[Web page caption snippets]

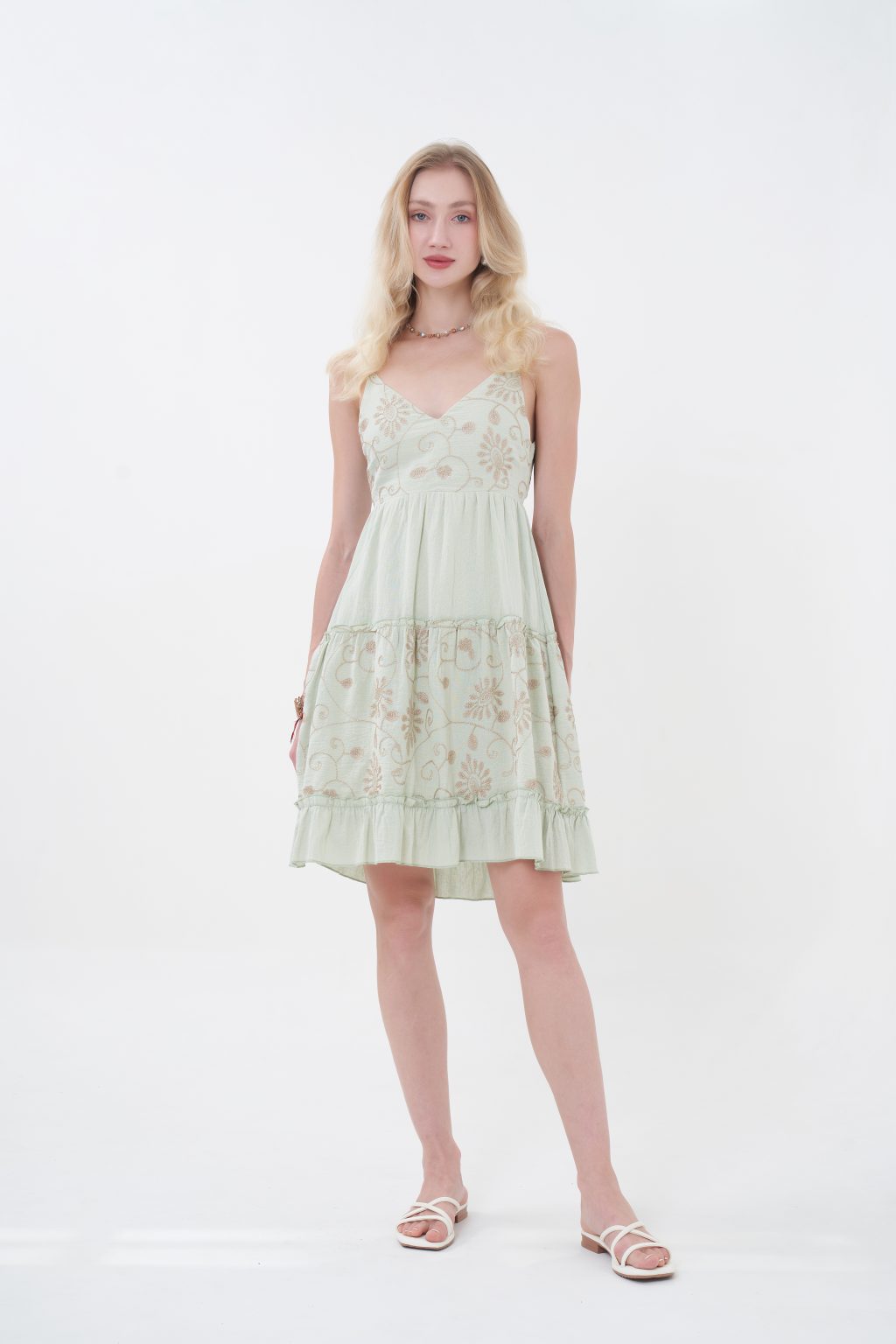 The Aurelie Mini Dress is a romantic, feminine style featuring a flattering V-neckline, delicate straps, and intricate floral embroidery across the bodice and skirt. Designed with a softly gathered waist and a flowy midi-length silhouette, it’s finished with an elegant open back and statement bow for a charming touch—perfect for warm days and special occasions.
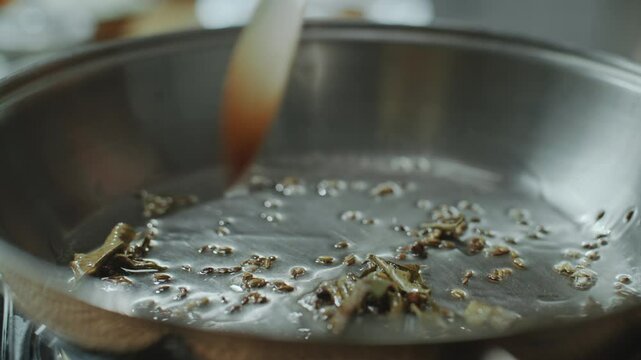 Close-up view of unrecognizable chef using spatula to stir whole Indian spices such as bay leaves and cumin seeds in hot oil inside frying pan, releasing aroma and flavor for cooking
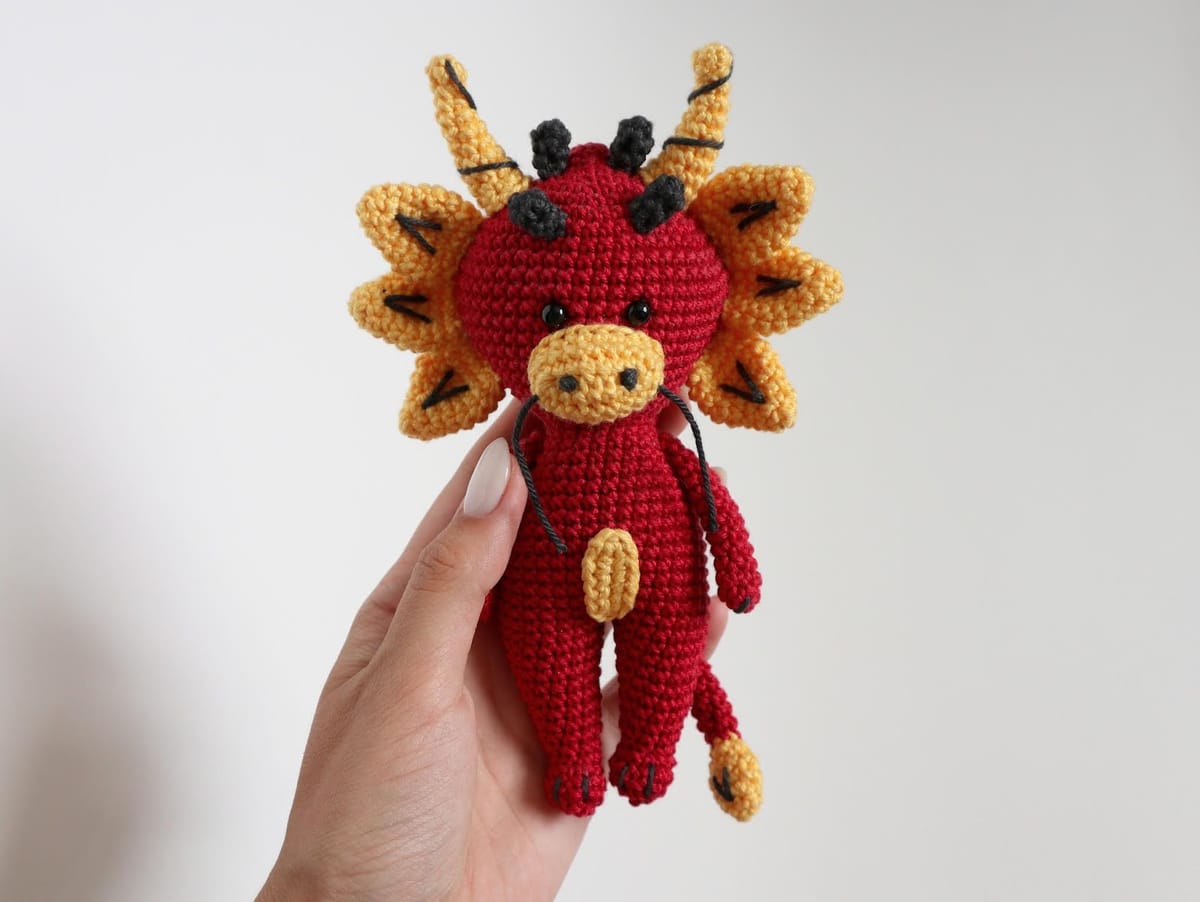 Crocheted little red dragon with golden horns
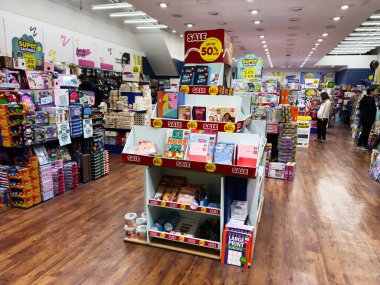 Manchester, İngiltere - 26 Eylül 2025: Müşteriler yoğun bir perakende mağazasının içindeki parlak raflardaki oyuncaklara ve kitaplara göz atıyorlar.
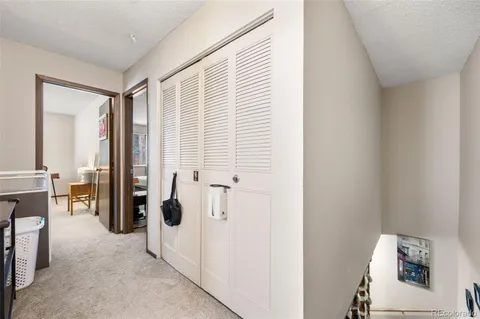 a view of livingroom with furniture and refrigerator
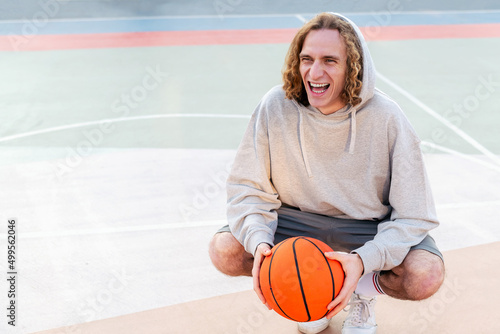 man laughing as he rests after playing basketball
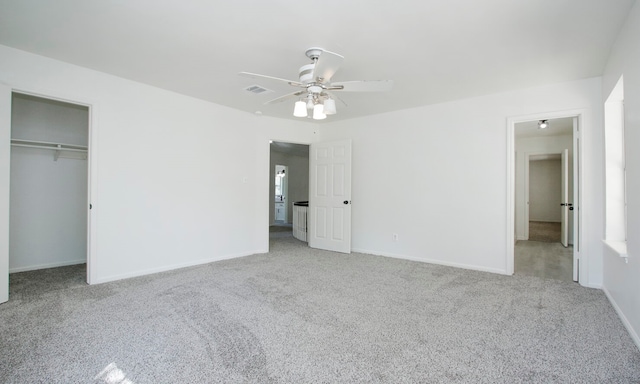 unfurnished bedroom featuring ceiling fan, a closet, and carpet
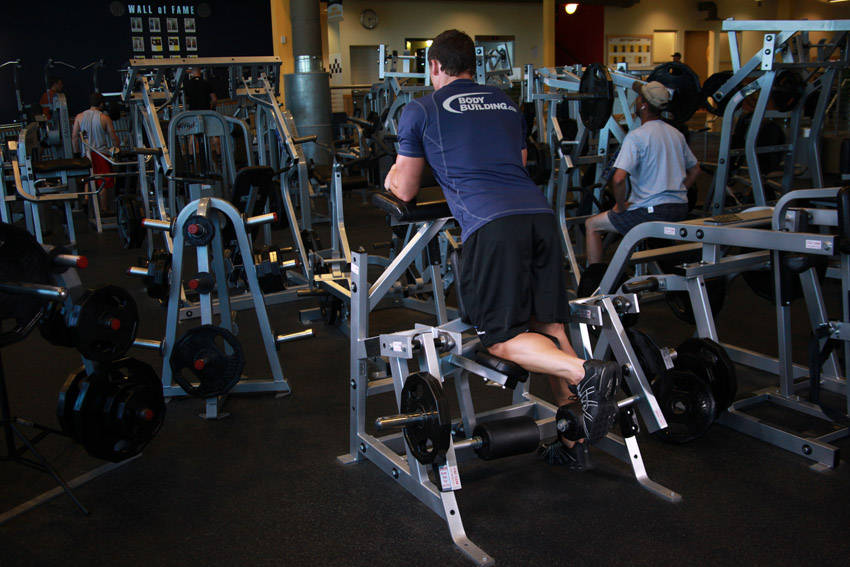 Standing Machine Leg Curl start and end position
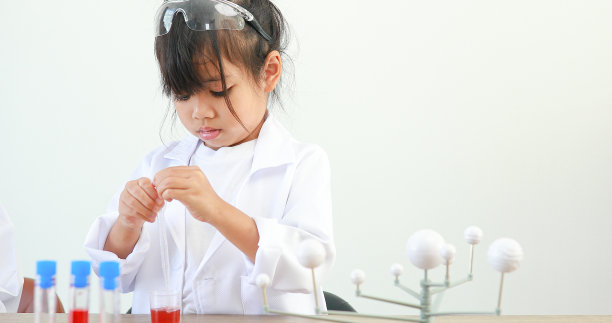 小女孩亚洲可爱的小学生学习研究和做化学实验，在家里的桌子上用试管分析和混合液体。图片下载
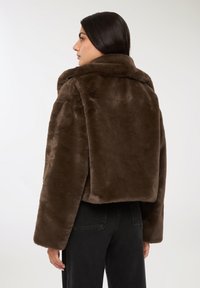 Giacca corta in finto pelo marrone con ampio colletto, texture morbida e maniche lunghe, abbinata a pantaloni in denim neri.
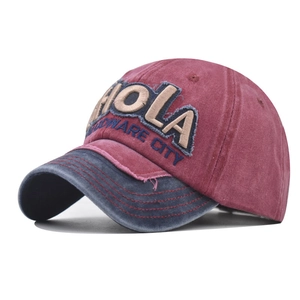Close-up of vintage washed baseball cap with Hola embroidery and distressed patchwork details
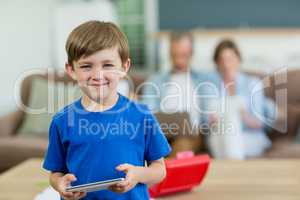 Portrait of smiling boy using digital tablet in living room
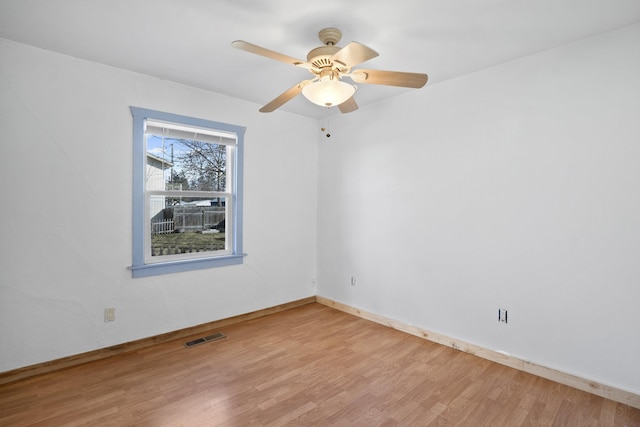 unfurnished room with ceiling fan, light wood-type flooring, visible vents, and baseboards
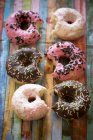 Six bitten mini doughnuts on coloured wood — Stock Photo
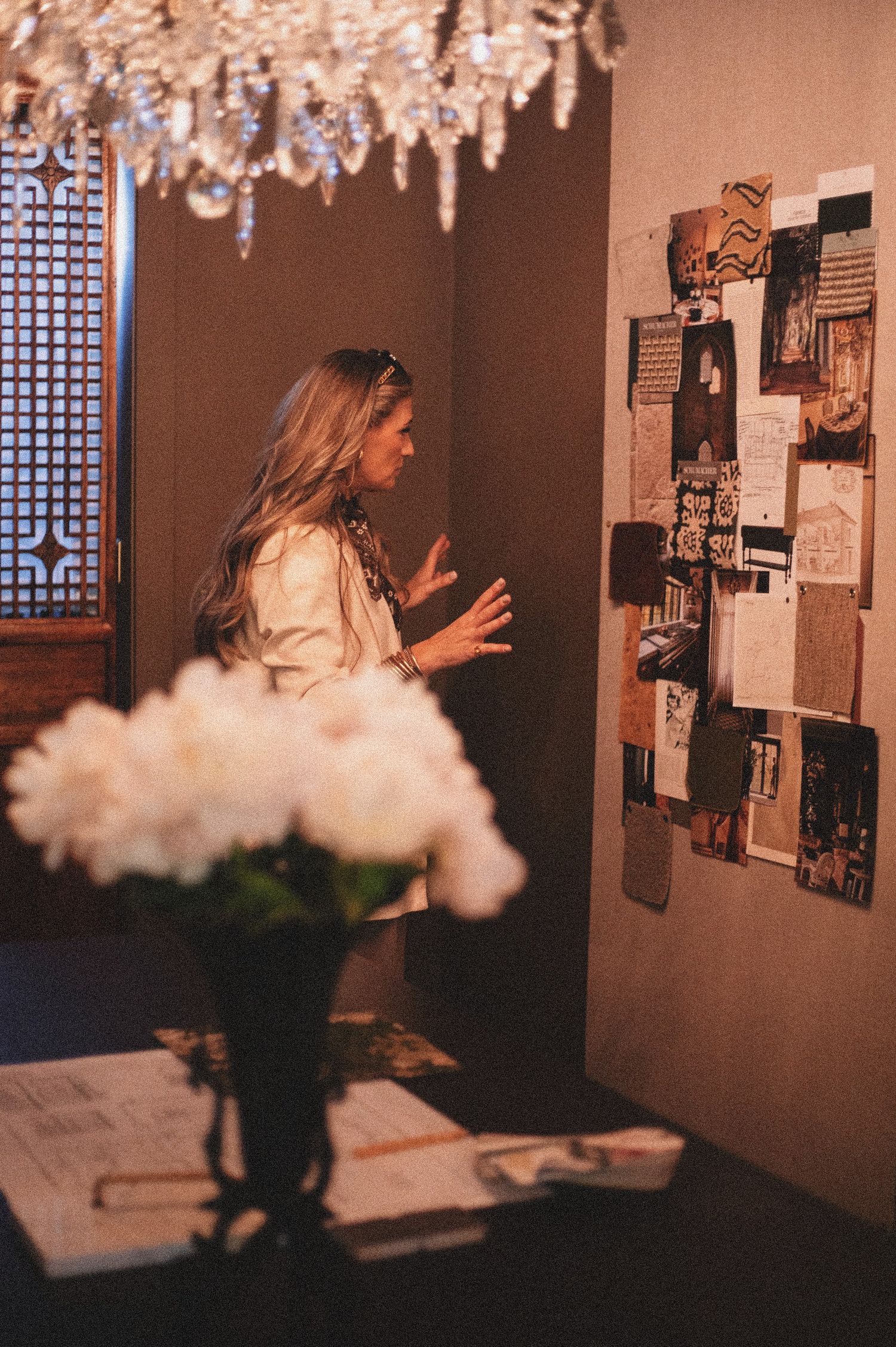 Woman gesturing at a mood board on a wall, with white flowers and a crystal chandelier in a warmly lit room.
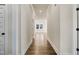 Long hallway with hardwood floors and white walls at 110 Mohave Dr, Louisburg, NC 27549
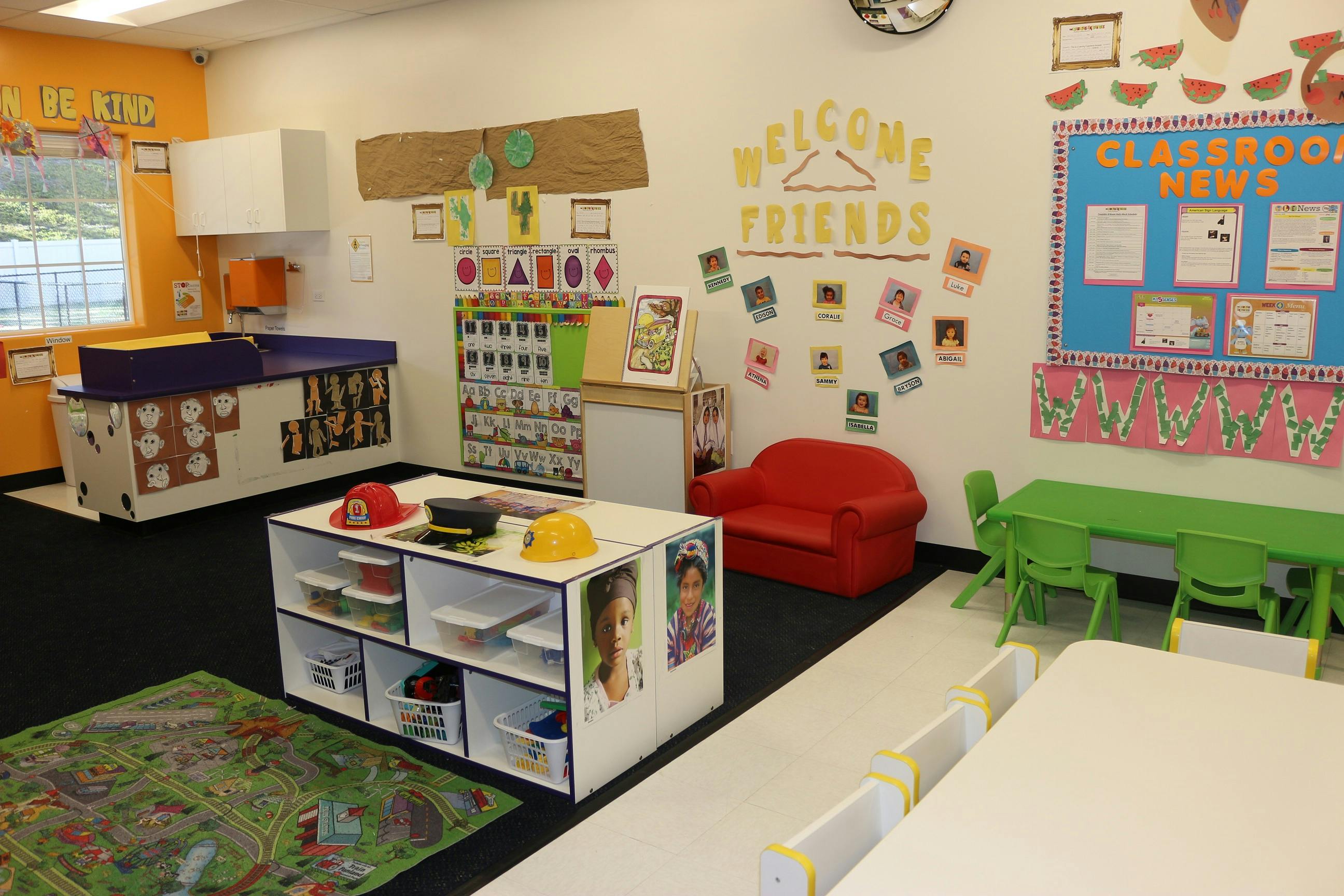 Classroom with small tables, chairs, and play areas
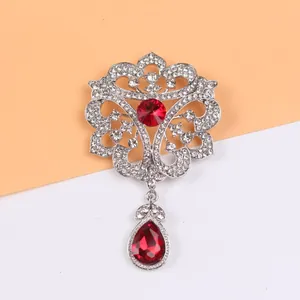 Gros plan détaillé d'une broche de style cour vintage avec pierre rouge et cristaux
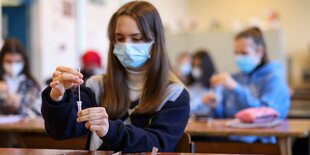 Eine junge Frau sitzt mit Maske an einer Bank in einem Klassenraum. Sie hält ein Wattestäbchen in der einen und eine Lösung in einem kleinen Gefäß in der anderen Hand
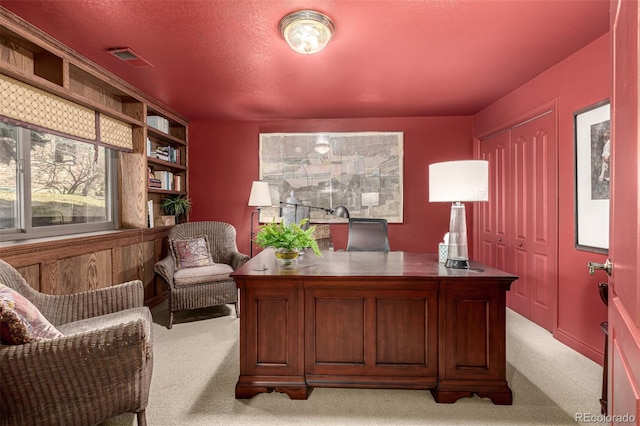 office with light carpet and a textured ceiling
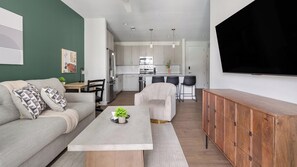 A modern living room with a sofa, coffee table, and a TV. - Landing | Incredible 1BD, Yoga Studio, Gym (Sarasota)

### Your assignment
Would you set down each line of the data exactly, with no images included?

### Answer to this exercise
 The Aurelie Mini Dress is a romantic, feminine style featuring a flattering V-neckline, delicate straps, and intricate floral embroidery across the bodice and skirt. Designed with a softly gathered waist and a flowy midi-length silhouette, it’s finished with an elegant open back and statement bow for a charming touch—perfect for warm days and special occasions.
 Close-up view of unrecognizable chef using spatula to stir whole Indian spices such as bay leaves and cumin seeds in hot oil inside frying pan, releasing aroma and flavor for cooking
 Crocheted little red dragon with golden horns
 Manchester, İngiltere - 26 Eylül 2025: Müşteriler yoğun bir perakende mağazasının içindeki parlak raflardaki oyuncaklara ve kitaplara göz atıyorlar.
 a view of livingroom with furniture and refrigerator
 man laughing as he rests after playing basketball
 unfurnished bedroom featuring ceiling fan, a closet, and carpet
 Standing Machine Leg Curl start and end position
 小女孩亚洲可爱的小学生学习研究和做化学实验，在家里的桌子上用试管分析和混合液体。图片下载
 Giacca corta in finto pelo marrone con ampio colletto, texture morbida e maniche lunghe, abbinata a pantaloni in denim neri.
Close-up of vintage washed baseball cap with Hola embroidery and distressed patchwork details
 Portrait of smiling boy using digital tablet in living room
 unfurnished room with ceiling fan, light wood-type flooring, visible vents, and baseboards
 Six bitten mini doughnuts on coloured wood — Stock Photo
 Woman gesturing at a mood board on a wall, with white flowers and a crystal chandelier in a warmly lit room.
 Long hallway with hardwood floors and white walls at 110 Mohave Dr, Louisburg, NC 27549
 Classroom with small tables, chairs, and play areas
 Gros plan détaillé d'une broche de style cour vintage avec pierre rouge et cristaux
 Eine junge Frau sitzt mit Maske an einer Bank in einem Klassenraum. Sie hält ein Wattestäbchen in der einen und eine Lösung in einem kleinen Gefäß in der anderen Hand
 office with light carpet and a textured ceiling
 A modern living room with a sofa, coffee table, and a TV. - Landing | Incredible 1BD, Yoga Studio, Gym (Sarasota)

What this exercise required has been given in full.